Photo: Henie Onstad Archive
Yoko Ono's visit to Høvikodden in 1990 caused quite a stir.
On Saturday August 25th, 1990, in relation to the opening of her exhibition Insound/Instructure, Yoko Ono performed one of her poems. Ono wanted to demonstrate how she flies, because "everybody has at one point or another dreamt of flying". And what we dream of, said Ono, we get.
The poem Fly was written by Ono in the summer of 1963. It says one word: fly.
During her performance, Ono used no mechanical devices. Still, she somehow was able to convey the sensation of flying.
As a musician, poet, artist and filmmaker, Ono has created a remarkable career. As part of the 1960’s conceptual and radical art movement Fluxus, Ono took a clear stand using words and objects as her weapons, tools which are both powerful and dangerous in the certainty that they can be used to obtain anything. Both for one self and the world, but also in relations between humans.
In the exhibition room at Henie Onstad, Fly was displayed as an invitation alongside a staircase where one could climb up and transfer a wish over to the world of possibilities.
"Yoko Ono is on her way to Norway with one of the strangest exhibitions this country has ever seen. When the exhibition opens at Høvikodden on Saturday, one can expect bronze casts of John Lennon’s glasses, apples, condoms and birth control pills."
The exhibition Insound/Instructure embraced all of Yoko Ono’s artistic platforms, as filmmaker, a poet and a conceptual artist. Her visit did not go unnoticed. Dagbladet reported that "Yoko Ono, who is a very youthful 57 year old, has come here herself as she is a very important part of her own exhibition. This was convincingly demonstrated yesterday when she held a press conference to a large body of the press, causing a commotion that hardly any royal would be able to conjure up".
During the press conference she highlighted the importance of art in the lives of human beings: - It is a way to communicate, heighten relations. The world has turned small and we belong and depend on one another. Art is a common language, it creates vibrations and contributes to our ability to experience one another.
Yoko Ono came to Norway in due time, almost a week before the opening to prepare the exhibition together with conservator Ina Blom, as well as her personal artistic facilitator John Hendricks. "I have never seen a museum like this. Most of the museums that I have visited are very closed off. But here you have this wonderful nature that becomes part of the museum," Yoko Ono told NTB.
Wearing a light blue blazer, blue jeans and her characteristically large sunglasses, she explored the premises surrounding Henie Onstad. In regards to the exhibition title, she explained: "There are many sounds in the world but most of them we cannot hear. In total silence you can hear your own heartbeat. It is the internal sounds that fascinate me."

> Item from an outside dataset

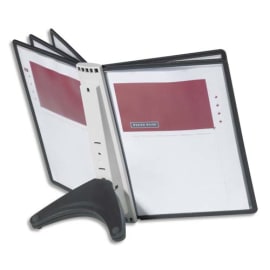DURABLE Pupitre de table Sherpa Soho - 5 pochettes A4 polypropylène contours Noir photo du produit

At Høvikodden she unveiled her work Bastet for the very first time. It is made up of 99 blue Egyptian cat figurines with fluorescent yellow eyes.
"Yoko Ono is here with 99 cats."
Simultaneously with the exhibition and Ono’s visit to Norway, a poetry festival was being arranged. The Japanese artist participated alongside Norwegian poets. This was where she performed Fly.
Harald Flor wrote for Dagbladet: "The play - or "the event" as the Fluxus-artists preferred to the more ambitious "performance" - was not very impressive as far as physical actions were concerned. It was quite a small jump from a tiny stepladder. But Yoko did convey her wish to fly, which was more important than the demonstration itself. And in her creative credo it says: Keep wishing while you participate."
"Captivating poetry but questionable Yoko Ono art at Høvik," Klassekampen wrote on Tuesday August 28th,1990. "But it becomes almost an act of a dilettante to go from such a captivating lecture to an artist who does nothing but play." Skjalg Bye elaborated: "Yoko Ono’s art consists of play, a form of play that once might have been viable. But in our time we need more than to see a chessboard with only white pieces, broken tea cups - for the audience to glue back together - to jump off a stool, and to shake hands through an unpainted canvas. The most sensational thing is that the Norwegian intellectual elite shows up in flock to behold and participate in the Yoko Ono "kindergarten for grown-ups."